### TASK STATEMENT:
Transcribe the listing exactly, skipping every picture.

### DATA BELOW:
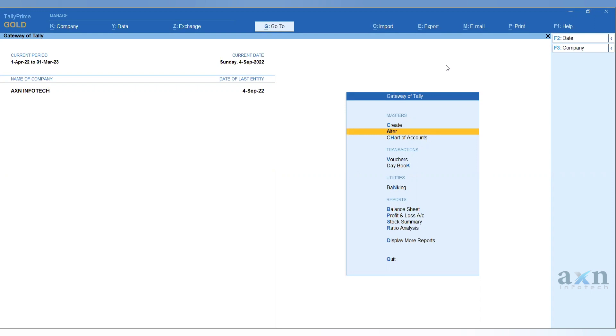Some accountants or company owners ask whether we can check multiple parties' mail ID, contact number on a single page. And can we view companies' GST numbers on a single page? Absolutely yes.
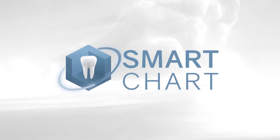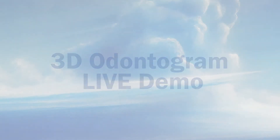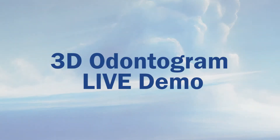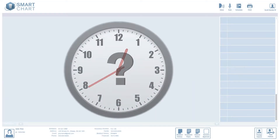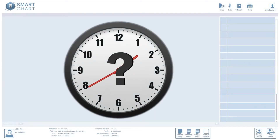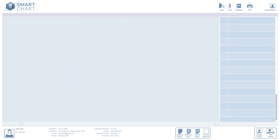Smart Chart. The future of dental charting has arrived. First, I want you to think for a second about how long it would take you to chart over 40 dental conditions, almost every tooth in the mouth. Okay, got it? Great. Now watch this.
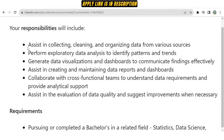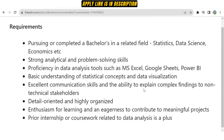In terms of roles and responsibilities, you will assist in collecting, cleaning, and organizing data from various sources such as Excel files and XML files. You have to perform exploratory data analysis to identify patterns and trends, generate data visualizations and dashboards to communicate findings effectively. You will clean the data, visualize it with tools like Power BI, and assist in creating and maintaining data reports. You will also collaborate with cross-functional teams to understand data requirements and provide analytical support.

### SOLUTION TO THIS TASK:
Some accountants or company owners ask whether we can check multiple parties' mail ID, contact number on a single page. And can we view companies' GST numbers on a single page? Absolutely yes.
Smart Chart. The future of dental charting has arrived. First, I want you to think for a second about how long it would take you to chart over 40 dental conditions, almost every tooth in the mouth. Okay, got it? Great. Now watch this.
In terms of roles and responsibilities, you will assist in collecting, cleaning, and organizing data from various sources such as Excel files and XML files. You have to perform exploratory data analysis to identify patterns and trends, generate data visualizations and dashboards to communicate findings effectively. You will clean the data, visualize it with tools like Power BI, and assist in creating and maintaining data reports. You will also collaborate with cross-functional teams to understand data requirements and provide analytical support.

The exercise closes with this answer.